UN human rights chief Michelle Bachelet calls environment threats 'greatest challenge to human rights'text_fields
The UN High Commissioner for Human Rights Michelle Bachelet on Monday said that environmental threats from pollution and climate change will soon become the biggest challenge to human rights. She was speaking at the opening of the 48th session of the UN Human Rights Council in Geneva.
Talking to the UN Council, Michelle Bachelet warned that these environmental threats will intensify to constitute the single greatest challenge to human rights of our era and added that these threats are causing and deepening conflicts across the world.
She called climate change, pollution, and nature loss "the triple planetary crises" and pointed out the recent "extreme and murderous" climate events such as fires in Siberia and California, and floods in China, Germany, and Turkey. The UN Rights Chief noted that drought was potentially forcing millions of people into misery, hunger, and displacement.
"The interlinked crises of pollution, climate change, and biodiversity act as threat multipliers amplifying conflicts, tensions, and structural inequalities, and forcing people into increasingly vulnerable situations," said Bachelet.
"We must set the bar higher – indeed, our common future depends on it," she added.

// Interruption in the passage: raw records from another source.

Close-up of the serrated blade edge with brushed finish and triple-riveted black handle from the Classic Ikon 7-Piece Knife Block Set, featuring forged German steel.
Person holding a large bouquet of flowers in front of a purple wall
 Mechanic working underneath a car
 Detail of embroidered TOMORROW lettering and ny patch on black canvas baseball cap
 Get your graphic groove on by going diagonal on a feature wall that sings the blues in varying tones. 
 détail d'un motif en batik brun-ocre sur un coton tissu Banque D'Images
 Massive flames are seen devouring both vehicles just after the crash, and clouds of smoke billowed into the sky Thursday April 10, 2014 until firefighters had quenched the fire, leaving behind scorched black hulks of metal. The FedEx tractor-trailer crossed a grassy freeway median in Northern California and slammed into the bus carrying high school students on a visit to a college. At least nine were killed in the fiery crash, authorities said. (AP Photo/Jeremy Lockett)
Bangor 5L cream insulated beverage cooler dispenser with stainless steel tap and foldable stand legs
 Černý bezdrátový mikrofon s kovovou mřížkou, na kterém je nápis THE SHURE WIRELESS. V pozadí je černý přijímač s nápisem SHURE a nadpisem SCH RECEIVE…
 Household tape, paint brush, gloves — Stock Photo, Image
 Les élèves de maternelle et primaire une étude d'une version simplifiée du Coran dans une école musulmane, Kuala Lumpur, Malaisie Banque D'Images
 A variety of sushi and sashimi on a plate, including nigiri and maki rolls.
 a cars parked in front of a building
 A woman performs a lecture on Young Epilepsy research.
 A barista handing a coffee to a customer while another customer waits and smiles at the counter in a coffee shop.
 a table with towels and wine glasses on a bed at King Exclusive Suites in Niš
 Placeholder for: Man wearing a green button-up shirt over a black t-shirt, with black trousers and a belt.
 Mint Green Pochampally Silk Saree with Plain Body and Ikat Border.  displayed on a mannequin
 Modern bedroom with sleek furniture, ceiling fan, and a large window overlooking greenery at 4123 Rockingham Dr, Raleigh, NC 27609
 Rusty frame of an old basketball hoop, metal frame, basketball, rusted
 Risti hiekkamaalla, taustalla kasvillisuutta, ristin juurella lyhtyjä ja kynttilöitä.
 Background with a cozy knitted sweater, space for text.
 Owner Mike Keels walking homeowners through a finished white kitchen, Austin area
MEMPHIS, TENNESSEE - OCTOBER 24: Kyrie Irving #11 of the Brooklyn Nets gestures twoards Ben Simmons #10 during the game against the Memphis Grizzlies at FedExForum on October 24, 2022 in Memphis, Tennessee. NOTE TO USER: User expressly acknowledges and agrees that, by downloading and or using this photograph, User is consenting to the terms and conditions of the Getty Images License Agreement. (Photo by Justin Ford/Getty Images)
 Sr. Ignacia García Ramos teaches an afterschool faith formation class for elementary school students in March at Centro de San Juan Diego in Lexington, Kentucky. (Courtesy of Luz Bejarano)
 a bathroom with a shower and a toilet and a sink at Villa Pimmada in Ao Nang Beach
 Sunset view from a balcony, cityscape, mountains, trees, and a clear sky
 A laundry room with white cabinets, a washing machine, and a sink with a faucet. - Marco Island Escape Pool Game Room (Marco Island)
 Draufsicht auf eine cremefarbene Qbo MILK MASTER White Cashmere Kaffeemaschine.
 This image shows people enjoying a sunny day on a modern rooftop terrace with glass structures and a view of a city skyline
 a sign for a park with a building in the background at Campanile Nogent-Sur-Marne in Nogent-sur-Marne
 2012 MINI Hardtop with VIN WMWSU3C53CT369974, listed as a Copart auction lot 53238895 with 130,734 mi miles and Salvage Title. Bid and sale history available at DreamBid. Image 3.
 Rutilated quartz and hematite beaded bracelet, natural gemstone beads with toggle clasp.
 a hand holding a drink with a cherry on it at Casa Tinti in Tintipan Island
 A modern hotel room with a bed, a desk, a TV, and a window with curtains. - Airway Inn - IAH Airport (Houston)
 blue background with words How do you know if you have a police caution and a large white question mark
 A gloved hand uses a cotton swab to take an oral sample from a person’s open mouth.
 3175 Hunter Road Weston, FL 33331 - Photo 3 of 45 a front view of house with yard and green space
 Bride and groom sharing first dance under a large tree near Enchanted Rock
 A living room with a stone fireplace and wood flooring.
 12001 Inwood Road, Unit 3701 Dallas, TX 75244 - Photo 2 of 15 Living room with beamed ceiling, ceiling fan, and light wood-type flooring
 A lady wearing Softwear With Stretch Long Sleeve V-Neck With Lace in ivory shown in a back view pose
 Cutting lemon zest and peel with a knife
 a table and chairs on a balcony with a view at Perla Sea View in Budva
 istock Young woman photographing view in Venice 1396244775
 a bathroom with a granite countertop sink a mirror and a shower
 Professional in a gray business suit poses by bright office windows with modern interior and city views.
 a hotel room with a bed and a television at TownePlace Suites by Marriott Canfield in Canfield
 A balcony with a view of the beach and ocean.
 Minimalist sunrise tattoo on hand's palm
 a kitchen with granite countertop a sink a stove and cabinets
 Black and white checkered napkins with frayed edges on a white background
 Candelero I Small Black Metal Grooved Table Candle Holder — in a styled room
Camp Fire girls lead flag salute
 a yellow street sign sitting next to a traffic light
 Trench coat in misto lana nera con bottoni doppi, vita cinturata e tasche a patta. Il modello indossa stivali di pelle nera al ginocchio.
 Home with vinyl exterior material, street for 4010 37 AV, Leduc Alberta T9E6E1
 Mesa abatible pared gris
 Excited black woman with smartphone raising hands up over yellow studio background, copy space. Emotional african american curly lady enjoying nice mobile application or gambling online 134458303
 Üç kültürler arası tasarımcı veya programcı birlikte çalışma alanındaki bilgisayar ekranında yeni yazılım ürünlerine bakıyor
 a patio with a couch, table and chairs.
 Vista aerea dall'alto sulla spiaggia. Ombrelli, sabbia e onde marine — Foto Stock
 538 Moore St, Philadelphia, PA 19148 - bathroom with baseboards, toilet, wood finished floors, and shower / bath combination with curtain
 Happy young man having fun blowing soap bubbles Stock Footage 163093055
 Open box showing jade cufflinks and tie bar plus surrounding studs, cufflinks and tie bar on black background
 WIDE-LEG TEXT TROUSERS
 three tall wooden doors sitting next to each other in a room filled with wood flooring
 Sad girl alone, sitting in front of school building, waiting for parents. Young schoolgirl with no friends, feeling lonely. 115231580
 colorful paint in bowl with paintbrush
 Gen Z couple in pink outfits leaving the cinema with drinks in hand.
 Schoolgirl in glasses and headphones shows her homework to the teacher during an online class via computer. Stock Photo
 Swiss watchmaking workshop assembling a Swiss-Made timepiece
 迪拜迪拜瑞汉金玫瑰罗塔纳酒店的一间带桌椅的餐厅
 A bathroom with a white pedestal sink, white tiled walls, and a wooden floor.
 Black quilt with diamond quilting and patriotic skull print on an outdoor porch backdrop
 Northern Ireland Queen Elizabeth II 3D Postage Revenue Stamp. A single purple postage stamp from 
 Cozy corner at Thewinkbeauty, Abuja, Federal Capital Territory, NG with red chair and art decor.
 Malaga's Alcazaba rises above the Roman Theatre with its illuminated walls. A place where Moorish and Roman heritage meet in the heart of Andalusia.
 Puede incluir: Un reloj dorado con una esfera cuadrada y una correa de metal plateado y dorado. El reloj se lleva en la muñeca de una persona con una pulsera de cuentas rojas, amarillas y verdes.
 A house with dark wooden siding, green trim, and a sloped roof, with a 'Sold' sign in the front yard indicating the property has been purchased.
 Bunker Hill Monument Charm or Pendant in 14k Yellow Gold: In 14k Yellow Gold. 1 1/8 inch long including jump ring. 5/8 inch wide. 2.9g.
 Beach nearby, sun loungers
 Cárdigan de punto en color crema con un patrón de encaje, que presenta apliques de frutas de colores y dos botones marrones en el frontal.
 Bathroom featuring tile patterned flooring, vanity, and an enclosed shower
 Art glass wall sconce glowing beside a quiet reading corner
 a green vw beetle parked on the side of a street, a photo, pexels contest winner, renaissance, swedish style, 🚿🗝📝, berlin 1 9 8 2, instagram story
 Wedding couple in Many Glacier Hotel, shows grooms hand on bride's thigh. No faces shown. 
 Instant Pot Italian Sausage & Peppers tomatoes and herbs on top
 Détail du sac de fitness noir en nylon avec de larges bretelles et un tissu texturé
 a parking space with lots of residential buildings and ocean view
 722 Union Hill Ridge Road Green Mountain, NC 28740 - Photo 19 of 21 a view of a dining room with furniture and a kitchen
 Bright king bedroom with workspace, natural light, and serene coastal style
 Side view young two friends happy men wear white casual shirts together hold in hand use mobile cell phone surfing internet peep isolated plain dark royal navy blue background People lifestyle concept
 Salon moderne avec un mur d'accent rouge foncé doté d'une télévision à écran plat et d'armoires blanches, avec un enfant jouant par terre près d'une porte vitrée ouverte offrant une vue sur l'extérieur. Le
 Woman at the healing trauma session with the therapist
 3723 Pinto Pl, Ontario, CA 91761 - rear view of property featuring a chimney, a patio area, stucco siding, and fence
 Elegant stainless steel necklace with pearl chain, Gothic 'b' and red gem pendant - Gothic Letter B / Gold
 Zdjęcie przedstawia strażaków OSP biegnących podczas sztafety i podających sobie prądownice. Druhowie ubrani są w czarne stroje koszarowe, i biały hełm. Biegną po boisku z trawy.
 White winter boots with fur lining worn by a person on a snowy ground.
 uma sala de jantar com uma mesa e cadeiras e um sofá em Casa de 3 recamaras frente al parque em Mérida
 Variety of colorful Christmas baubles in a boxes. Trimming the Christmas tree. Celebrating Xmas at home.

She also noted that countries are consistently failing to take the necessary action to curb climate change.
She also stated that these threats were already "directly and severely impacting a broad range of rights, including the rights to adequate food, water, education, housing, health, development, and even life itself.
"Environmental damage usually hurts the poorest people and nations the most, as they often have the least capacity to respond," said the former Chilean president.
Bachelet said that addressing the environmental crisis is "a humanitarian imperative, a human rights imperative, a peace-building imperative and a development imperative". She added that it is doable and her office would push for more ambitious, rights-based commitments.
The 47-member United Nations Human Rights Council has started its four-week session which will discuss the human rights records of over 40 countries. Nearly 90 reports on a wide range of thematic issues will be presented.